These are chat archives for nextflow-io/nextflow

13th
Oct 2016
Rickard Hammarén
@Hammarn
Oct 13 2016 07:02
Hi! I have a question about the Nextflow daemon. It seems that when I run our pipeline: https://github.com/SciLifeLab/NGI-RNAseq I get memory usages in the 30-40GB range. Is this expected? And is there something I can do to reduce this amount. I've been running with the -with-timeline option, does that contribute in any significant way?
Johan Viklund
@viklund
Oct 13 2016 07:04
how big is the stringtie_log?
Paolo Di Tommaso
@pditommaso
Oct 13 2016 07:18
the java heap - by default - can grow up to the 60%-70% of the available physical memory
so I guess you have 64GB of ram
Rickard Hammarén
@Hammarn
Oct 13 2016 07:20
I see, I think its 256 GB ram actually. But can I limit this usage, will it affect the pipeline execution?
Paolo Di Tommaso
@pditommaso
Oct 13 2016 07:20
so it can grow much more ! :)
Rickard Hammarén
@Hammarn
Oct 13 2016 07:20
That's not reassuring
Paolo Di Tommaso
@pditommaso
Oct 13 2016 07:20
but you can set an upper limit for that, 4gb should me more than enough
define the following var
NXF_OPTS='-Xms1g -Xmx4g'
Rickard Hammarén
@Hammarn
Oct 13 2016 07:22
Great! Thanks!
Paolo Di Tommaso
@pditommaso
Oct 13 2016 07:22
it constraint the heap between 1 and 4 gb
I think you can shrink up to 2 but this could impact on the performance, you should profile it a bit
Rickard Hammarén
@Hammarn
Oct 13 2016 07:29
Alright! On a similar note, I have not seen it myself, but Nextflow seems to use lots of threads in burst when creating jobs which can affect the perfromance on the node. I guess there is a similar parameter to limit this?
Paolo Di Tommaso
@pditommaso
Oct 13 2016 07:30
java threads? or posix processes?
Rickard Hammarén
@Hammarn
Oct 13 2016 07:31
the later I would assume
From what I can se myself the only thing that happens is that the main Java process spikes to 100% CPU usage upon job submission, but that's only one process so that does not matter
Paolo Di Tommaso
@pditommaso
Oct 13 2016 07:36
if you are not using the local executor, nextflow does not launch other posix process
however java threads and mapped on OS threads, thus I think you are referring that
the thread pool size management is a kind of black science
you can control with the system properties nxf.pool.type and nxf.pool.maxThreads
refer to this code
Rickard Hammarén
@Hammarn
Oct 13 2016 07:42
Thanks! I don't think it's an issue but it's good to know were to start looking
Paolo Di Tommaso
@pditommaso
Oct 13 2016 07:42
I would be interested as well in this optimisation ;)

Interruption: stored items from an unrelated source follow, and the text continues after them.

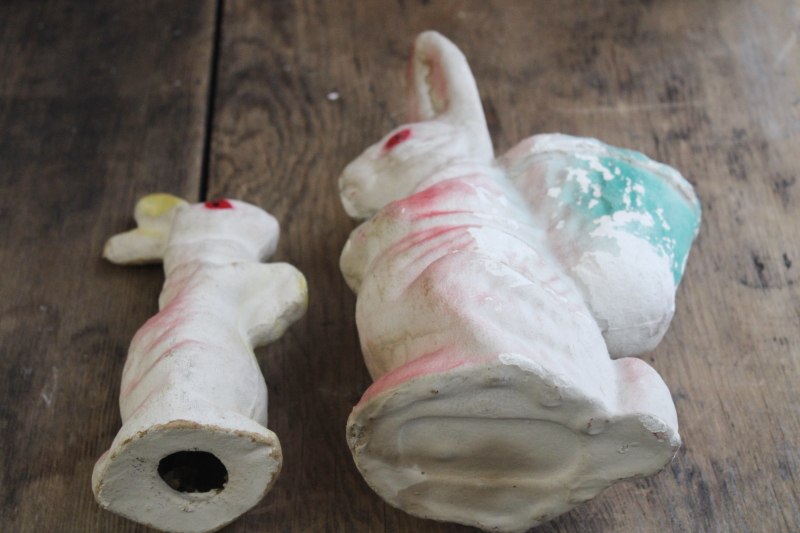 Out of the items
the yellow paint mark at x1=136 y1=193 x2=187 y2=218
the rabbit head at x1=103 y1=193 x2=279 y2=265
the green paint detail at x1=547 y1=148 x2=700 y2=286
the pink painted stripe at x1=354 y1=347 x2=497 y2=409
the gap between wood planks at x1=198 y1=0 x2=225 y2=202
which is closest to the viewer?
the pink painted stripe at x1=354 y1=347 x2=497 y2=409

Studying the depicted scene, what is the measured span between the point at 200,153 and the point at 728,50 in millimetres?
847

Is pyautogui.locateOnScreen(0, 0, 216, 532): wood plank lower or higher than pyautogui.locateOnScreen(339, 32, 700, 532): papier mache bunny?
lower

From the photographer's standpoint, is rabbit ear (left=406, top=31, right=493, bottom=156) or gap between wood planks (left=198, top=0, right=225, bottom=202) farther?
gap between wood planks (left=198, top=0, right=225, bottom=202)

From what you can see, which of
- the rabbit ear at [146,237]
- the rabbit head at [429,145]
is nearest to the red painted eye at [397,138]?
the rabbit head at [429,145]

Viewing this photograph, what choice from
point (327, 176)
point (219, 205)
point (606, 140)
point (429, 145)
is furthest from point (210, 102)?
point (606, 140)

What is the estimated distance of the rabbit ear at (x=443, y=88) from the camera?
93 centimetres

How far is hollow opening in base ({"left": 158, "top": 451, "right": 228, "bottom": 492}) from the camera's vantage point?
716 millimetres

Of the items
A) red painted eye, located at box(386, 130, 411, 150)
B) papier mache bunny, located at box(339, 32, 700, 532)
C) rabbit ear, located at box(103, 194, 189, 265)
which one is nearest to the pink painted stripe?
papier mache bunny, located at box(339, 32, 700, 532)

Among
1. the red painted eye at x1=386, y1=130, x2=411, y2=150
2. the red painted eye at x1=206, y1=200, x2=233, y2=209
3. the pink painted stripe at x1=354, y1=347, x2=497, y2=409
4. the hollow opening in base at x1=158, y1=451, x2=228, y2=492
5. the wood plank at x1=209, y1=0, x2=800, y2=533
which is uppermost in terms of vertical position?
the pink painted stripe at x1=354, y1=347, x2=497, y2=409

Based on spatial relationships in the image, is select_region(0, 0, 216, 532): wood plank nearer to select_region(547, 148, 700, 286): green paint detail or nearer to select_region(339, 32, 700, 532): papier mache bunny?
select_region(339, 32, 700, 532): papier mache bunny

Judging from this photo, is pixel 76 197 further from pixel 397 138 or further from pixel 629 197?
pixel 629 197

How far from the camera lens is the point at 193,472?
724 millimetres

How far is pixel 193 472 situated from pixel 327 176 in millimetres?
532

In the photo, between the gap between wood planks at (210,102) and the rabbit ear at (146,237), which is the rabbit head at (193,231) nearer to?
the rabbit ear at (146,237) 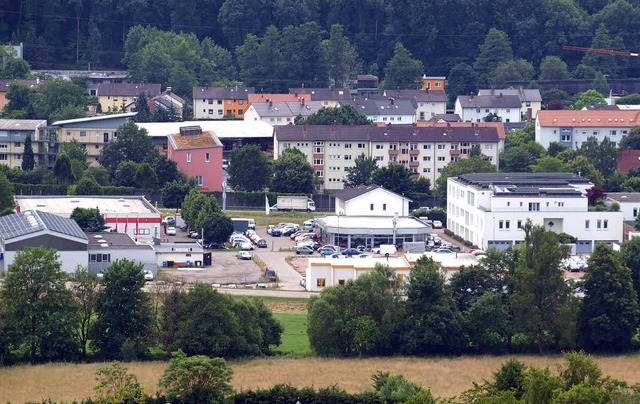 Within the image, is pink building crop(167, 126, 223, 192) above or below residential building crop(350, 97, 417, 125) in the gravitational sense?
below

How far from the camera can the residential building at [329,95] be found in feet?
173

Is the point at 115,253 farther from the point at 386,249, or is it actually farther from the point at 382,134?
the point at 382,134

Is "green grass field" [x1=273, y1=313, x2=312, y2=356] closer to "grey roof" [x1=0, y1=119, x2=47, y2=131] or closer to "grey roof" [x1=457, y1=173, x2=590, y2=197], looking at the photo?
"grey roof" [x1=457, y1=173, x2=590, y2=197]

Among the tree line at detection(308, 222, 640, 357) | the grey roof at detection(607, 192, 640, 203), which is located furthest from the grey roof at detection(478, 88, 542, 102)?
the tree line at detection(308, 222, 640, 357)

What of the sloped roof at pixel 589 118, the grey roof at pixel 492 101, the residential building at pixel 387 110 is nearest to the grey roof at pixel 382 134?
the sloped roof at pixel 589 118

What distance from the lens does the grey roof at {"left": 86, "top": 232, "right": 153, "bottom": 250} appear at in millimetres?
30109

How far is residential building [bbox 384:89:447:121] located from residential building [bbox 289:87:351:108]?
151cm

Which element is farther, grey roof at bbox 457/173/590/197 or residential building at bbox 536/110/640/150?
residential building at bbox 536/110/640/150

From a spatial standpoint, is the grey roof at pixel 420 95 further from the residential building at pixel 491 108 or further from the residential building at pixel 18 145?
the residential building at pixel 18 145

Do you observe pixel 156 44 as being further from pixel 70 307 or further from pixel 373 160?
pixel 70 307

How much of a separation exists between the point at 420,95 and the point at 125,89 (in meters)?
9.44

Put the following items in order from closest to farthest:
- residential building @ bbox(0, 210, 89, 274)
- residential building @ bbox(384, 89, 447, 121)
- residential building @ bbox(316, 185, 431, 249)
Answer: residential building @ bbox(0, 210, 89, 274) < residential building @ bbox(316, 185, 431, 249) < residential building @ bbox(384, 89, 447, 121)

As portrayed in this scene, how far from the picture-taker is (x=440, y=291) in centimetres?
2517

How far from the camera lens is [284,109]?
163 ft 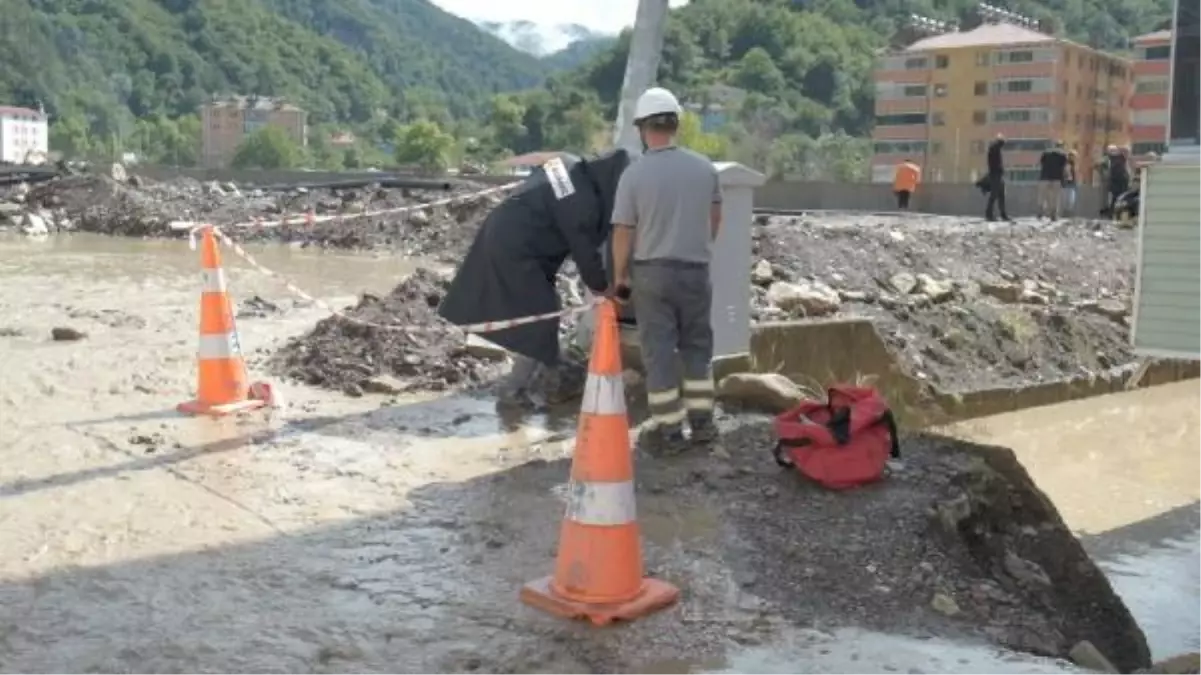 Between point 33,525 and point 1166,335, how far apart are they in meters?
7.58

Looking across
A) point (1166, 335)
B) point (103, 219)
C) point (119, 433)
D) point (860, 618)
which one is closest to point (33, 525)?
point (119, 433)

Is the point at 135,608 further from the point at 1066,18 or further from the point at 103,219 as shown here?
the point at 1066,18

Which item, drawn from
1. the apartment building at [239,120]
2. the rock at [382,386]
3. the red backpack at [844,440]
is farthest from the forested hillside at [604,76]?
the red backpack at [844,440]

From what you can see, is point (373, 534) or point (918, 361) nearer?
point (373, 534)

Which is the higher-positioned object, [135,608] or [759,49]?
[759,49]

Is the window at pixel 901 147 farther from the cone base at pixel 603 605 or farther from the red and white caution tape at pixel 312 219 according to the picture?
the cone base at pixel 603 605

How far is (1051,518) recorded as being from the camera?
627 cm

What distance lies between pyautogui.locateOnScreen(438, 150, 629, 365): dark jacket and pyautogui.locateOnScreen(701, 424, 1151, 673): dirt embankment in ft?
4.67

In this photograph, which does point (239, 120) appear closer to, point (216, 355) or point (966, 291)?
point (966, 291)

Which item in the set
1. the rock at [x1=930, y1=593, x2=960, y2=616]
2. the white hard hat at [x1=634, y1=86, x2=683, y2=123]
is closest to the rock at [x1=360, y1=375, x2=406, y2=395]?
the white hard hat at [x1=634, y1=86, x2=683, y2=123]

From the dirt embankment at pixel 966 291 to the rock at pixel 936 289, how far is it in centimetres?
2

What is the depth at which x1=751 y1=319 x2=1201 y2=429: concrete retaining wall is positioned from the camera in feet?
32.0

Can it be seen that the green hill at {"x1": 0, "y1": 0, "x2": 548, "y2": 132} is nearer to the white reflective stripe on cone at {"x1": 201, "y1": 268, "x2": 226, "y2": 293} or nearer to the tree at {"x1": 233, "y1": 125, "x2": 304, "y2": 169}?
the tree at {"x1": 233, "y1": 125, "x2": 304, "y2": 169}

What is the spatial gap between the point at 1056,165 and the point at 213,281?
2066 cm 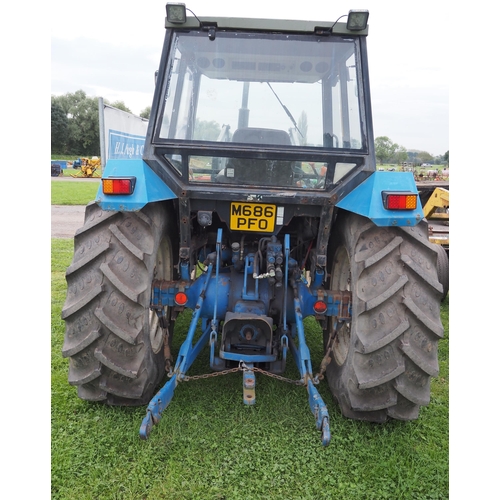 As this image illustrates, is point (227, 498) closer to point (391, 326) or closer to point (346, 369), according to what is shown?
point (346, 369)

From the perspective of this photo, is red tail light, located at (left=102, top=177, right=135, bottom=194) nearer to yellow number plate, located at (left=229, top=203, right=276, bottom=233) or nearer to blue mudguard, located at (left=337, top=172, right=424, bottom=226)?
yellow number plate, located at (left=229, top=203, right=276, bottom=233)

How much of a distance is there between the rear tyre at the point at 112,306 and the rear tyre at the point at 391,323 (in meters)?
1.30

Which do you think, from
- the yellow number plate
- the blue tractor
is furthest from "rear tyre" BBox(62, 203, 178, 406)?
the yellow number plate

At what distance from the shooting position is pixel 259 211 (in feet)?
9.93

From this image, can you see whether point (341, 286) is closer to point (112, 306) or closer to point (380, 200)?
point (380, 200)

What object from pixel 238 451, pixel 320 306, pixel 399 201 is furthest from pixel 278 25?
pixel 238 451

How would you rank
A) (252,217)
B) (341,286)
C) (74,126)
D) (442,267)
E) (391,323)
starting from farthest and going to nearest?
(74,126) → (442,267) → (341,286) → (252,217) → (391,323)

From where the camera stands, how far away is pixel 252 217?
3.04m

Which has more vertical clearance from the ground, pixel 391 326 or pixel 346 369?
pixel 391 326

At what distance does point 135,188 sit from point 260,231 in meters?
0.90

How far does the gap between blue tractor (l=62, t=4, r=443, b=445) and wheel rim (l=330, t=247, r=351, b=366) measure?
0.02 meters

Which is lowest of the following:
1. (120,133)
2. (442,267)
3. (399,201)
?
(442,267)

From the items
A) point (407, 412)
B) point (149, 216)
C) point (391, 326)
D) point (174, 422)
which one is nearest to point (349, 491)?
point (407, 412)

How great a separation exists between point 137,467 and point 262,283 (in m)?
1.47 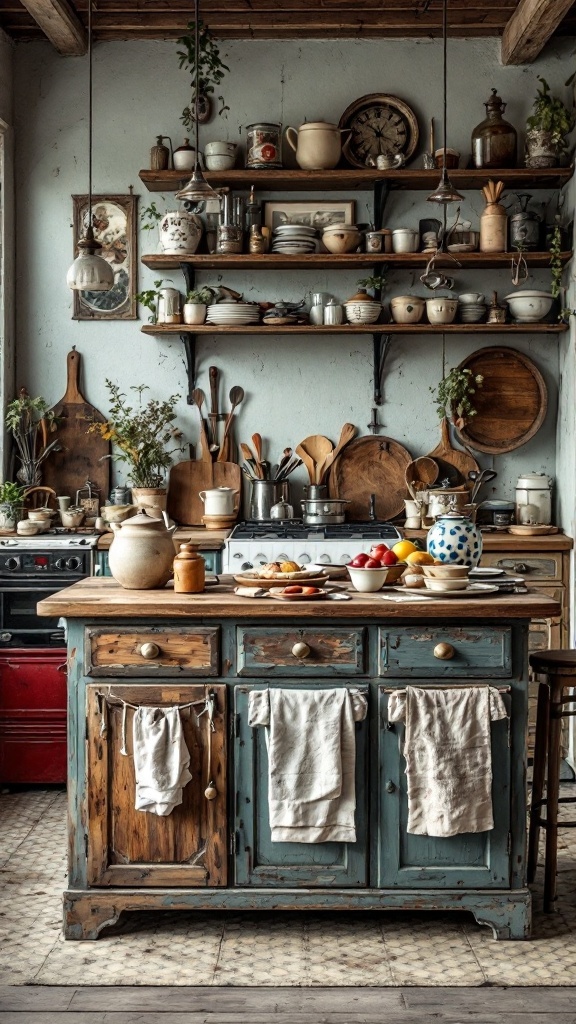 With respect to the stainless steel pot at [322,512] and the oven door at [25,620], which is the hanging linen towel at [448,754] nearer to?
the oven door at [25,620]

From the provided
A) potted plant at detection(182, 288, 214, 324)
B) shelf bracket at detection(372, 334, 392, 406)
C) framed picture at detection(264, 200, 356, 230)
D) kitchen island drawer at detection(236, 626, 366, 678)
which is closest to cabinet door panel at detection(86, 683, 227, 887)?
kitchen island drawer at detection(236, 626, 366, 678)

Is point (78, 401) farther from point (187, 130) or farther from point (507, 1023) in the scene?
point (507, 1023)

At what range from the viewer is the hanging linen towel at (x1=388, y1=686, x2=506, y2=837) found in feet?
10.5

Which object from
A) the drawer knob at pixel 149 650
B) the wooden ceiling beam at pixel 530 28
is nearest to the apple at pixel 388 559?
the drawer knob at pixel 149 650

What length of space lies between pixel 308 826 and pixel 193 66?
423 centimetres

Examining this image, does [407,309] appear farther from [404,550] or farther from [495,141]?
[404,550]

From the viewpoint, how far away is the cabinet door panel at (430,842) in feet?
10.6

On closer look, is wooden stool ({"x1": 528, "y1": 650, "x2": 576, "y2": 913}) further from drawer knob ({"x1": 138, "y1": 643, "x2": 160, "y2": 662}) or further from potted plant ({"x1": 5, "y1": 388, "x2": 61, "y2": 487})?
potted plant ({"x1": 5, "y1": 388, "x2": 61, "y2": 487})

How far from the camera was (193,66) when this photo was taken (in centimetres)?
566

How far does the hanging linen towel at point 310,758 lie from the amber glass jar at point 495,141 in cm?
344

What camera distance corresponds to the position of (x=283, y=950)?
3203mm

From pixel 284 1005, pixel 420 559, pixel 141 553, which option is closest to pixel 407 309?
pixel 420 559

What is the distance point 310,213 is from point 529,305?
1.29m

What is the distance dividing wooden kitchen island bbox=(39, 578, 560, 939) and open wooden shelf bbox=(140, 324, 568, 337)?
251cm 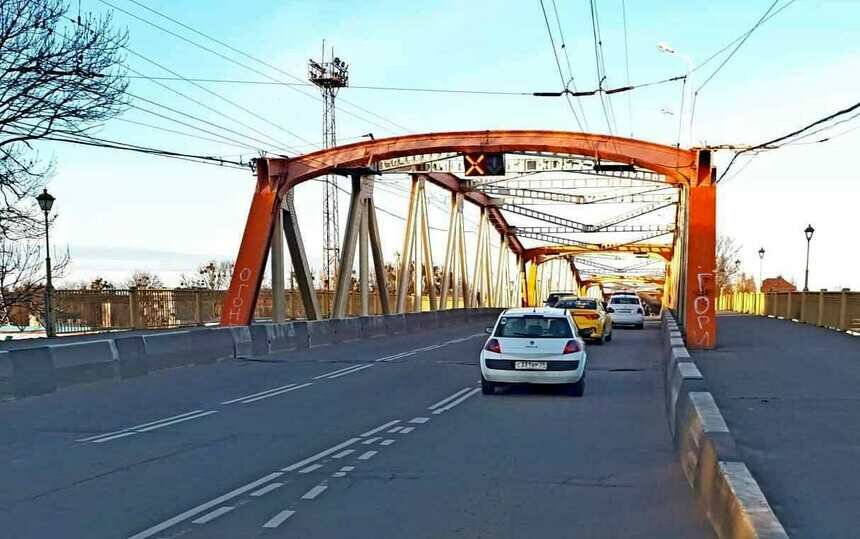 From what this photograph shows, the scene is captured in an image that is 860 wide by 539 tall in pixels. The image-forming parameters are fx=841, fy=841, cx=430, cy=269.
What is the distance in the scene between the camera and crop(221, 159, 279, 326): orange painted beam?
30.8 meters

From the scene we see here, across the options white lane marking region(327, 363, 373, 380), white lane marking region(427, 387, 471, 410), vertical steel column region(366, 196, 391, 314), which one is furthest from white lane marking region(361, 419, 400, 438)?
vertical steel column region(366, 196, 391, 314)

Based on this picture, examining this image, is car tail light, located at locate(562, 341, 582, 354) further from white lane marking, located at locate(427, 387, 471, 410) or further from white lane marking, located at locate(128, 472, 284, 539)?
white lane marking, located at locate(128, 472, 284, 539)

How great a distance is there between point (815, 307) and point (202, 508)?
34358 millimetres

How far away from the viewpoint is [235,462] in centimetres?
866

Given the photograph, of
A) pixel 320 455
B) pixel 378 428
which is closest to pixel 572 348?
pixel 378 428

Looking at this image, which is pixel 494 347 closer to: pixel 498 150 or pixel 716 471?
pixel 716 471

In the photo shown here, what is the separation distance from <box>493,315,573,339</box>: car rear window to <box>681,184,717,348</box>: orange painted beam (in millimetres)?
10828

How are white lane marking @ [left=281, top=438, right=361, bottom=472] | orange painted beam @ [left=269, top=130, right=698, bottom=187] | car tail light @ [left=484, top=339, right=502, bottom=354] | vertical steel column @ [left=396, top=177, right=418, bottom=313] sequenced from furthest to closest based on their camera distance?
vertical steel column @ [left=396, top=177, right=418, bottom=313] → orange painted beam @ [left=269, top=130, right=698, bottom=187] → car tail light @ [left=484, top=339, right=502, bottom=354] → white lane marking @ [left=281, top=438, right=361, bottom=472]

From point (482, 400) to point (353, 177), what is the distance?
79.5 feet

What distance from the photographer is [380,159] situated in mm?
31859

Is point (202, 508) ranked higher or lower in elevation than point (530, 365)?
lower

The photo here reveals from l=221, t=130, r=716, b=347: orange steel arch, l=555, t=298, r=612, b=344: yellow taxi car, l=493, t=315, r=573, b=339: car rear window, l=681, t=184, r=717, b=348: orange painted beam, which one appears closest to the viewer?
l=493, t=315, r=573, b=339: car rear window

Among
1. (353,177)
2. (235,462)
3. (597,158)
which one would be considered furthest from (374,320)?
(235,462)

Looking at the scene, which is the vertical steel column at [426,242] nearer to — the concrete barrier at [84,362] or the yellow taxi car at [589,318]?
the yellow taxi car at [589,318] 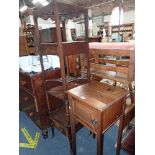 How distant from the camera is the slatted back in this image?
1361 millimetres

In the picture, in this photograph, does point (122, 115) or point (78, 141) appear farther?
point (78, 141)

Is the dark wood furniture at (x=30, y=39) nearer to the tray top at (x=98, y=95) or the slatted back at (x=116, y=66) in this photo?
the slatted back at (x=116, y=66)

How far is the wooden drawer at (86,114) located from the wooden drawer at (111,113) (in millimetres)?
60

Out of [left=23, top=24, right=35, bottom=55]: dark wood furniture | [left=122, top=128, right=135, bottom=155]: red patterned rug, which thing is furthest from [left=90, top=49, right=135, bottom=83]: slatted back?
[left=23, top=24, right=35, bottom=55]: dark wood furniture

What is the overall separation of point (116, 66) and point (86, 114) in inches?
26.1

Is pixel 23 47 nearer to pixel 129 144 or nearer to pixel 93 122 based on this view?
pixel 93 122

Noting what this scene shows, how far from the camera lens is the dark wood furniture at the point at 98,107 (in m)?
1.02

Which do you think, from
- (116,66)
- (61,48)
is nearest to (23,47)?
(61,48)

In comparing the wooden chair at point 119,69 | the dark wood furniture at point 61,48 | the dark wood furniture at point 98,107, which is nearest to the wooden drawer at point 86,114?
the dark wood furniture at point 98,107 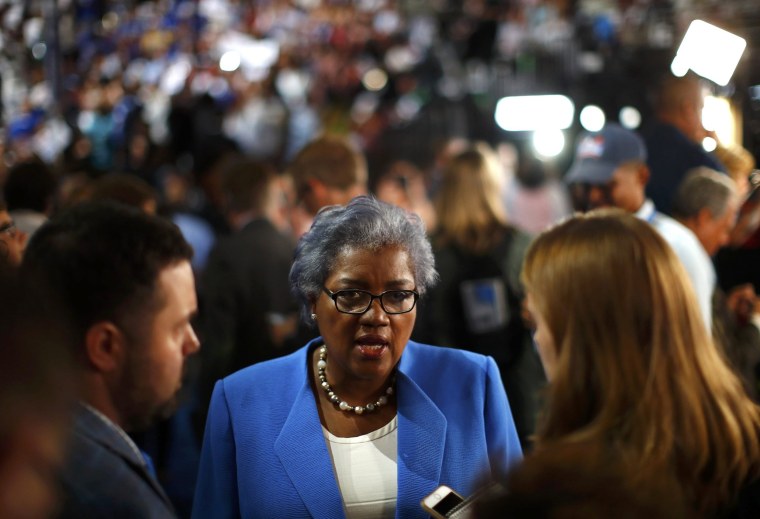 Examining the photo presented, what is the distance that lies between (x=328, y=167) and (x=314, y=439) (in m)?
2.36

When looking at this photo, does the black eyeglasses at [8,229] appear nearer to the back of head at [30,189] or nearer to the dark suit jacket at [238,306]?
the back of head at [30,189]

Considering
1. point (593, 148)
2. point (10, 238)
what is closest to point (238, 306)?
point (10, 238)

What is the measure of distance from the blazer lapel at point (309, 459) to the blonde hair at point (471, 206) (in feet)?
8.06

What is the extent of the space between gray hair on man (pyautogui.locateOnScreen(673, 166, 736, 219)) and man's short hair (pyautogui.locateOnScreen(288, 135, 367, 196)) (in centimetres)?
151

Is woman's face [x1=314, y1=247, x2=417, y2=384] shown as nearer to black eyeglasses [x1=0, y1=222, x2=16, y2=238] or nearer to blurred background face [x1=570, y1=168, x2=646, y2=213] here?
black eyeglasses [x1=0, y1=222, x2=16, y2=238]

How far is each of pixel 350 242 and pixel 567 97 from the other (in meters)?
10.1

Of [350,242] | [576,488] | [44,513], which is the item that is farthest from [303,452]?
[576,488]

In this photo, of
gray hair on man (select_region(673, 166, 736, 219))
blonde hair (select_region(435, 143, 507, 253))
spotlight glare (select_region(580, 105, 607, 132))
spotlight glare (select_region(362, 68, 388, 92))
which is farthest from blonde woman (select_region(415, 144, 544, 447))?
spotlight glare (select_region(362, 68, 388, 92))

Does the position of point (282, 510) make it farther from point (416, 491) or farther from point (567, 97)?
point (567, 97)

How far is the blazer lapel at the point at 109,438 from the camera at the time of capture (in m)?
1.74

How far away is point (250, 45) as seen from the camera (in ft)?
46.8

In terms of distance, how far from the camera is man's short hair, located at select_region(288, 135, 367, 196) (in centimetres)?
464

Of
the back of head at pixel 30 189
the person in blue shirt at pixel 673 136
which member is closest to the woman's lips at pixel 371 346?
the back of head at pixel 30 189

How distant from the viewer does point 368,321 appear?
2.48 metres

you may want to try nxf.pool.type=bounded or nxf.pool.type=unbounded
Lukas Jelonek
@lukasjelonek
Oct 13 2016 11:57
@pditommaso optional works :) Thanks, now I don't need any workaround code anymore :)
Paolo Di Tommaso
@pditommaso
Oct 13 2016 11:57
great!
Félix C. Morency
@fmorency
Oct 13 2016 14:01
morning.
Paolo Di Tommaso
@pditommaso
Oct 13 2016 14:01
almost goodnight here ;)
Félix C. Morency
@fmorency
Oct 13 2016 14:08
@pditommaso do you have knowledge on how mounts are propagated in a DinD setup?
im wondering if I will have the same issue with any kind of mounts
Paolo Di Tommaso
@pditommaso
Oct 13 2016 14:10
it depends what do you mean for propagated
I don't think they are
Félix C. Morency
@fmorency
Oct 13 2016 14:10
docker inspect show that the mount propagation is set to rprivate
Paolo Di Tommaso
@pditommaso
Oct 13 2016 14:11
in principle there should not be any difference
Félix C. Morency
@fmorency
Oct 13 2016 14:11
docker documentation shows that you can make a special kind of mount using --make-shared and use -v path:path:shared to actually propagate the mount
Paolo Di Tommaso
@pditommaso
Oct 13 2016 14:12
it looks like a new feature
do you have the link?
Paolo Di Tommaso
@pditommaso
Oct 13 2016 14:17
it doesn't explain so much ..
Félix C. Morency
@fmorency
Oct 13 2016 14:18
iiuc, using -v the way nextflow is using it atm will not work correctly in a DinD setup because -v doesn't pass the mount, but the folder that you were mounting to
except if you use a shared mount and :shared(not tested here)
Paolo Di Tommaso
@pditommaso
Oct 13 2016 14:20
if it's only that the problem I could add an option to append the shared in the mount
Félix C. Morency
@fmorency
Oct 13 2016 14:22
thing is, it won't work if you didn't use the special bind/--make-shared flags to make your mount (see https://github.com/docker/docker/issues/4213#issuecomment-195241948)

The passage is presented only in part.